Every now and again Unique becomes an issue again. It has a truly complicated history as this comment from Peter Greenwood makes clear:
“The relationship between the Union Pen Company and Unique is quite complicated. The Union Pen Company was one of many small pen manufacturers and appear to have developed a relationship with Unique in the 1920’s.
Unique, like Stephens sold their own brand of pens but had them manufactured for them. It wasn’t until the early 1930’s that Unique became a stand alone company and took on their own manufacturing facility which was actually owned by Union Pen Company, by now an associated company, so Union made pens for Unique and others and Unique sold pens.

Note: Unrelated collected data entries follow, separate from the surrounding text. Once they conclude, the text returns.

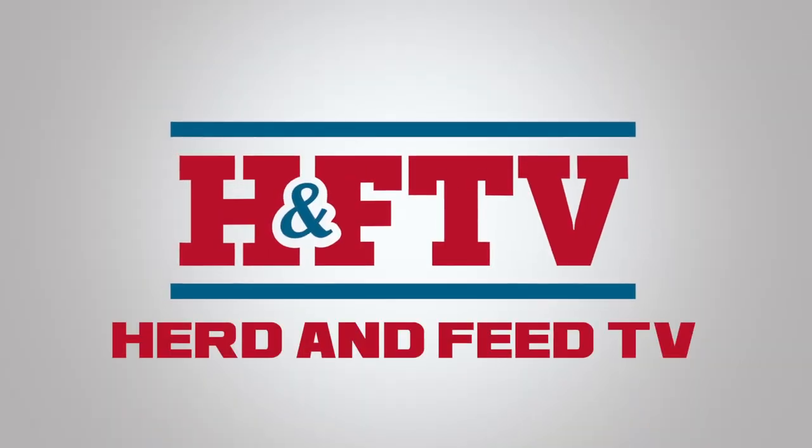We've got more great episodes of Herd and Feed TV in the works, so make sure you click that subscribe button below. We'll see you next time on Herd and Feed TV.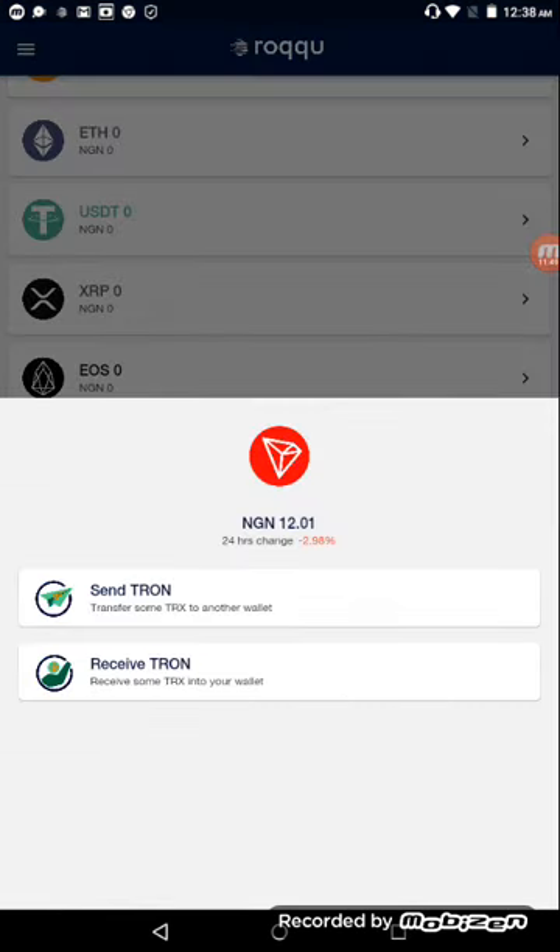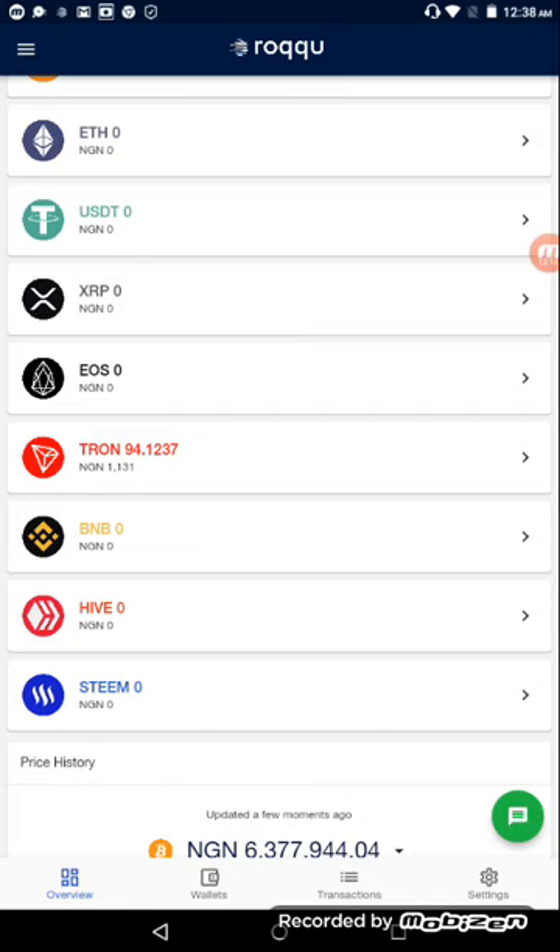If I click on Tron it shows options: send Tron or receive Tron — it's up to you to decide what you want to do. Basically, this is how easy it is for you as a Nigerian to buy Tron with Naira — very simple and straightforward. I hope you now see how easy it is to buy Tron directly by yourself using Naira from your bank account. Thank you for watching, I'll see you next time. Cheers, peace, have a very good day, God bless you.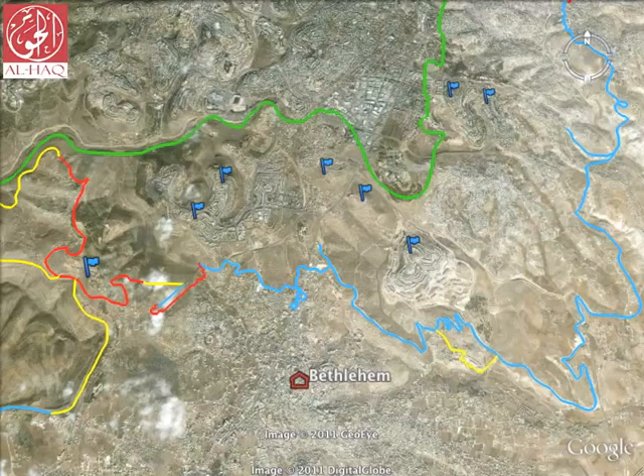The blue flags show where the settlements have been built between the 1967 line and the annexation wall. There are at least 149 settlements in the West Bank, including East Jerusalem, despite their illegality under international law.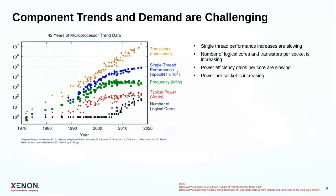The current trends and demand are the big challenges. Looking at data collected over the last 42 years: single-thread performance increases are slowing dramatically; the number of logical cores is going up, which is how we keep Moore's Law going. Power efficiency gains per core are slowing too, and overall power per socket is increasing dramatically because the number of cores is going up — a rather scary development.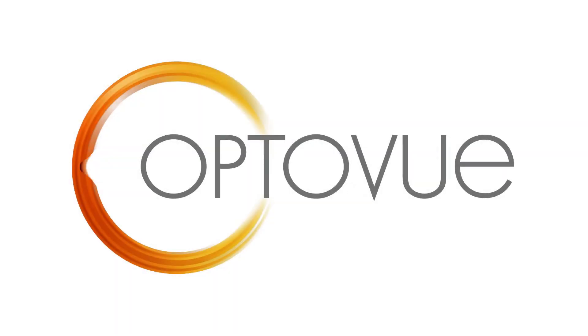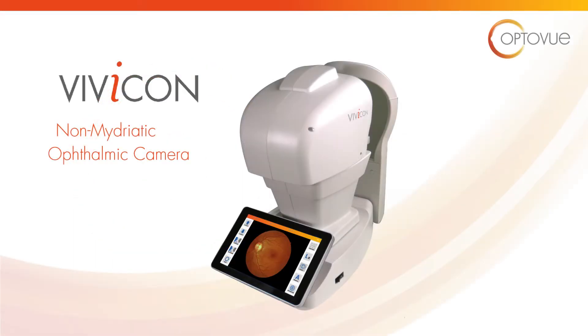OptiView, the innovator of comprehensive retinal imaging technology, introduces Vivicon, the easy-to-use ophthalmic camera for the everyday eye care practice.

It is also clear that Unique/ Union also outsouced production when demand was high. Lang’s being a strong contender as they also supplied nibs (at least prewar). I didn’t believe Altura/ Watermans were involved, as Lambrou had claimed until I found a Unique sporting a boxed lever.
It is quite possible that production was out sourced to Valentines as they would make small batches for anyone. Early in the war Eversharp entered the market and had pens produced by Langs and Valentine’s. What isn’t clear is whether Eversharp were procuring those pens themselves or if it was through Unique who produced most if not all their later fountain pens.”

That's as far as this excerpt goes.